Baseball is a results business.
So is just about every other business, incidentally. I think the term “results business” might even be redundant. Is there any business that’s not a results business? Like can I find a paying job somewhere where my boss won’t care about my performance or the bottom line, but about how much fun I have or how much I learn from the experience?
For what it’s worth, if you Google “is not a results business” — in quotes like that — you only get five results, and they’re all about soccer.
But that’s not the point. What I’m trying to say is that I should temper my enthusiasm, since the Mets’ new front office hasn’t won anything yet. Hell, as a team, Sandy Alderson, J.P. Ricciardi and Paul DePodesta haven’t even done anything yet outside of letting Hisanori Takahashi walk.
Still, after six seasons of Omar Minaya — and Steve Phillips and Jim Duquette before him — it’s hard not to get excited for a front office that appears primed to evaluate players objectively and work to build a sustainable winner from within. These are the things I’ve been bleating about since I started writing for SNY.tv in 2006.
And now, it seems, it’s really happening. Is this really happening?
I’m getting ahead of myself. And despite all my attempts at rationality, the perpetual reminders here that the Mets are not cursed or jinxed or otherwise damned mostly aim to quiet my own ingrained Mets-fan dread. This must go wrong. Right?
I know that’s not true. I know that, in the right hands, it shouldn’t be too difficult to create a regular winner on a $130 million payroll.
But, you know, results business and all. So I will proceed with cautious optimism.
I see alot of this type of feeling, like we havent won anything yet, and that is true. But at the same time you have every right to get excited abouyt whats happening now.
For year people have been killing the Wilpons for hiring guys like Omar and Tony B to run the show. Well now it appears they have gone out and stocked the front office with the best available talent. We knew this offseason was really all about rebuilding the front office and the team structure and all that, and as far as that goes, which is step one, the Mets have basically hit a home run here. IMO its OK to get excited about that because its an awesome step one.

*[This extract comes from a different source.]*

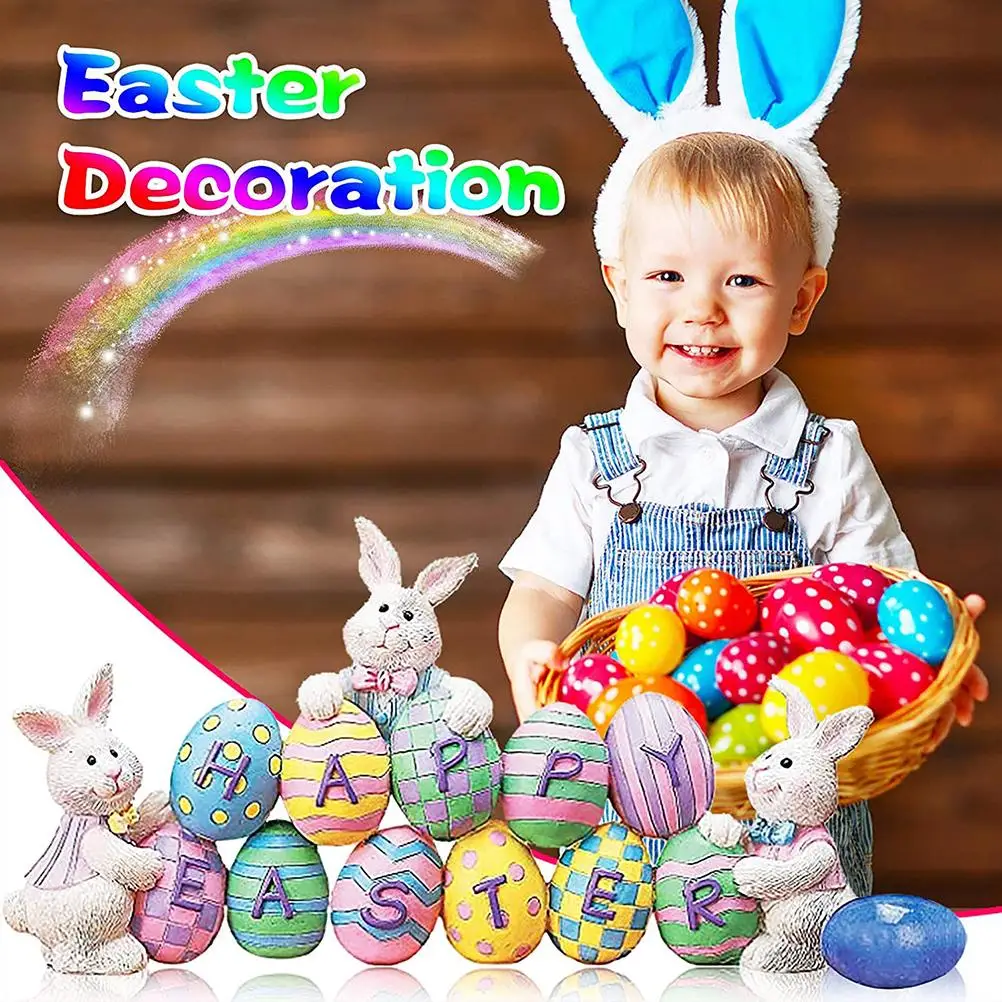 

Cute Handmade Easter Bunny Figures - Spring Farmhouse Decorations for Home Easter Festival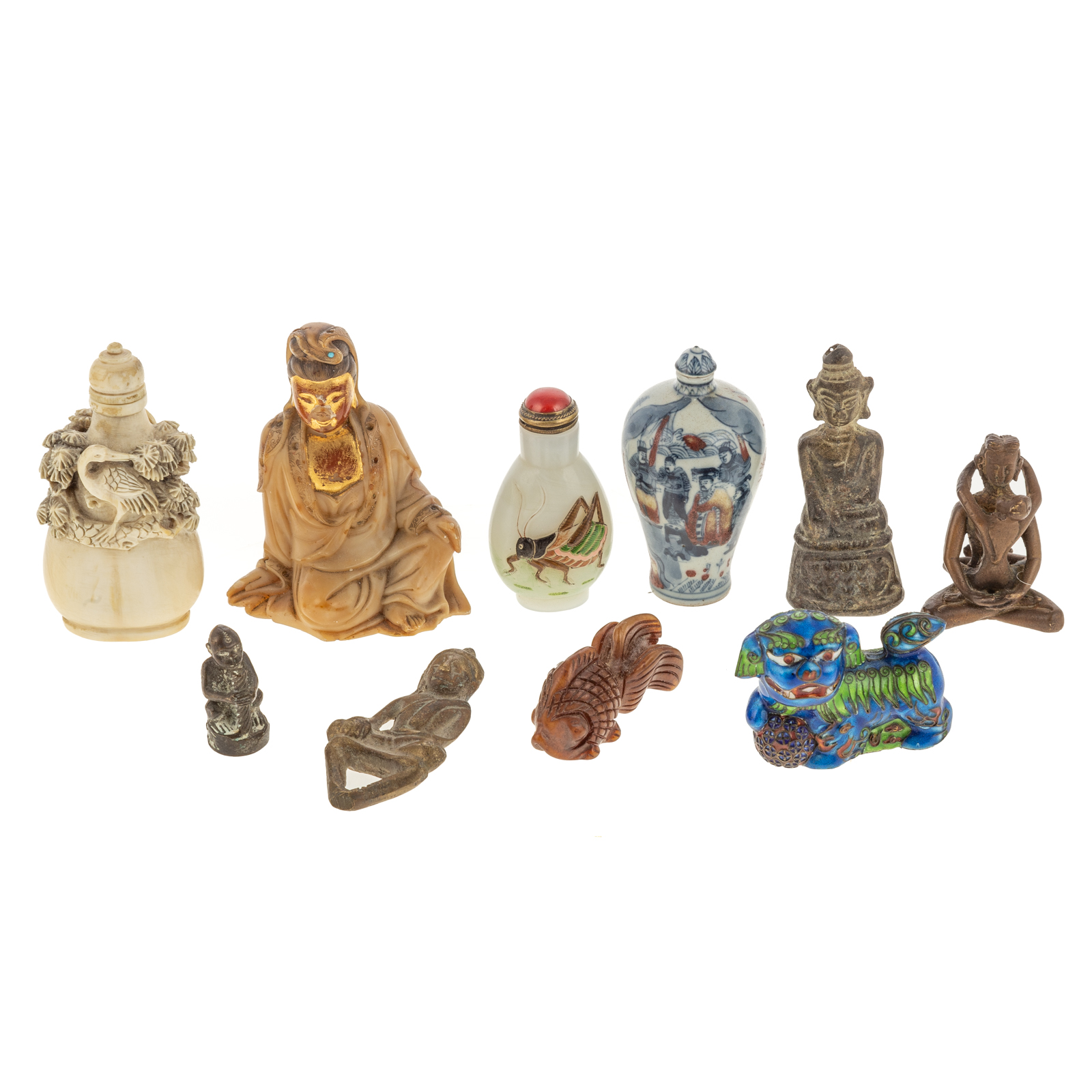NINE ASSORTED ASIAN OBJECTS Includes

Its just like the FA period for Players. If the Mets opened the coffers for Carl Crawford, or somehow obtained Felix Hernandez etc, we’d all be excited and rightfully so, even though though those players would have yet to produce any results.
Is this real life?? Is this gunna be forever??
Sandwich commentary is not a results oriented business.
Now if you google “is not a results business,” this blog post is the first thing that pops up.
I am the winner, then.
2010 Mets Right Fielder (April to August) = not a results business
So, what are we all supposed to complain about now?